The MTA Monday detailed its plan to put back much of the service it cut during its financial crisis three years ago, including restoring half-hourly weekend service on the Long Island Rail Road's Port Washington line.

More than $40 million in service enhancements are coming as part of the Metropolitan Transportation Authority's midyear operating budget update. In addition to restoring some of the 2010 cuts, the MTA plans to implement new service where needed, including, for the first time, half-hourly Ronkonkoma trains on weekends.

"We have listened to our customers, and we are responding with more bus, subway and commuter rail service as well as enhancements to make that service more reliable and more enjoyable," MTA chairman and chief executive Thomas Prendergast said.

In addition to Port Washington and Ronkonkoma weekend service improvements, the LIRR also will add evening rush hour trains on the Ronkonkoma and Babylon lines, a new off-peak Hicksville train, and extension of weekend service to Greenport by 10 weeks. Since 2010, Greenport weekend service has only been offered from Memorial Day weekend until Columbus Day.

The LIRR will phase in the service additions beginning September, starting with the addition of half-hourly Ronkonkoma service on weekends. All changes will be in place by March, the MTA said.

LIRR president Helena Williams said the service restoration that customers asked for the most was the return of half-hourly service on the popular Port Washington line. The LIRR last year added back half-hourly service on weekday middays and almost immediately saw a sizable increase in ridership.

"We're very excited about the opportunity to improve service, and we really look forward to rolling that out for our customers," Williams said.

Other MTA service improvements will include more frequent and expanded service on some subway lines, including the G and M trains, and on some city bus routes.

In 2010, facing an $800 million budget shortfall, the MTA enacted the deepest service cuts in the agency's history to save about $100 million per year. But through internal belt-tightening -- projected to total $1.3 billion annually by 2017 -- and biannual fare hikes, the MTA has stabilized its finances in recent years. That allowed the agency to restore about $29 million in service last year.

When the state budget earlier this year increased transit aid by $40 million, board members Mitchell Pally, of Stony Brook, and Allen Cappelli, of Staten Island, proposed putting the found money toward service restorations."For the second year in a row, the state has invested in significant enhancements and expansions to our state's transit system that will improve the experience of the eight million commuters who use the MTA," Cuomo said in a statement.
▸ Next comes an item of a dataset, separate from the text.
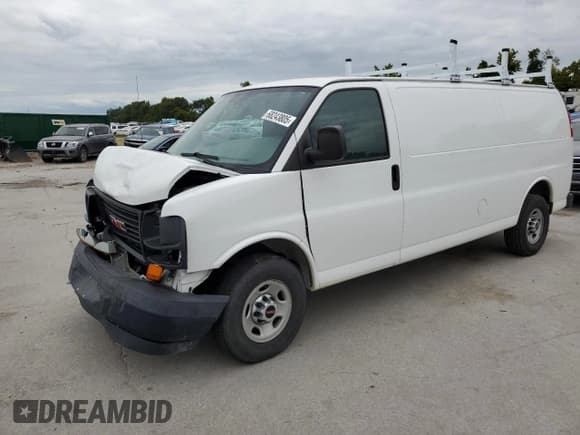 ✅ 2017 GMC Savana Cargo • VIN: 1GTW7BFF4H1136053 • Lot: 68243805. Listed on Copart with 60,550 mi. Free auction sales archive from the USA and detailed vehicle history report at DreamBid. Image 1.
Transit advocates yesterday praised the service improvements, even while warning of the need to overhaul the state's funding strategy for the MTA.

"Just because there's no crisis right now doesn't mean we can let up on pushing for a stable and rational funding scheme for the MTA," said William Henderson, executive director of the MTA's Permanent Citizens Advisory Committee, which includes the LIRR Commuter Council. "The basic fact is that a lot of these service restorations that have been proposed today and made in the past should have never been necessary."